DESCRIPTION OF THE TASK - Please output exactly the part of the records below that opens with the line containing "Паливний інжектор AUDI" and closes with the line containing "Mendy, el goleador", both lines included, and nothing else.
===== INFORMATION SUPPLIED
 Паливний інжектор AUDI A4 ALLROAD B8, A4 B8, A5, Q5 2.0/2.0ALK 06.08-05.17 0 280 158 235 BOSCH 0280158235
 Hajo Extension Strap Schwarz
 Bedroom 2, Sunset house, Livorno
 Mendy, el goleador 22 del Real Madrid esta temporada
==========
===== INFORMATION SUPPLIED
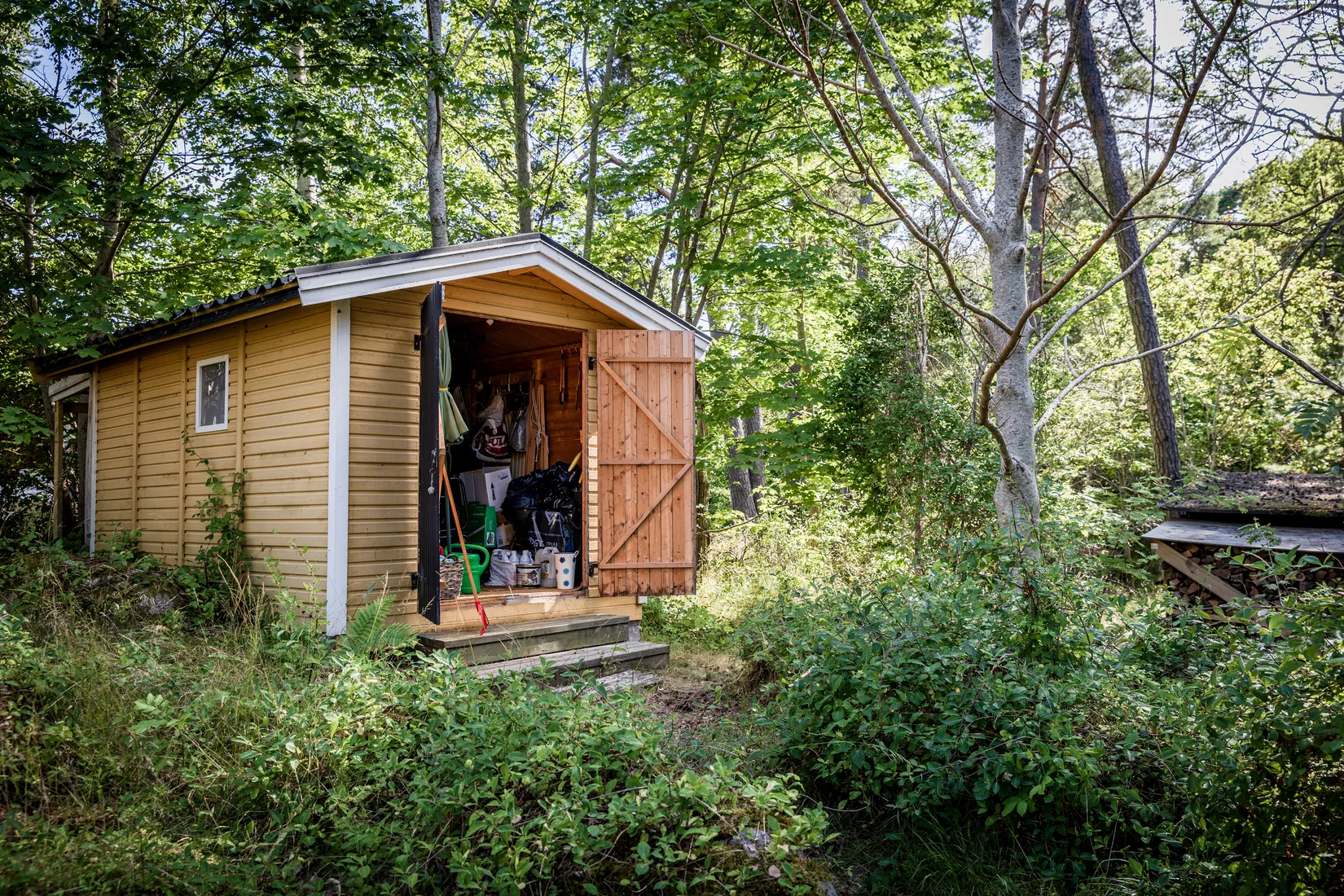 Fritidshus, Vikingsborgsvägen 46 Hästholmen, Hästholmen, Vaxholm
==========
YOUR SOLUTION -
 Паливний інжектор AUDI A4 ALLROAD B8, A4 B8, A5, Q5 2.0/2.0ALK 06.08-05.17 0 280 158 235 BOSCH 0280158235
 Hajo Extension Strap Schwarz
 Bedroom 2, Sunset house, Livorno
 Mendy, el goleador 22 del Real Madrid esta temporada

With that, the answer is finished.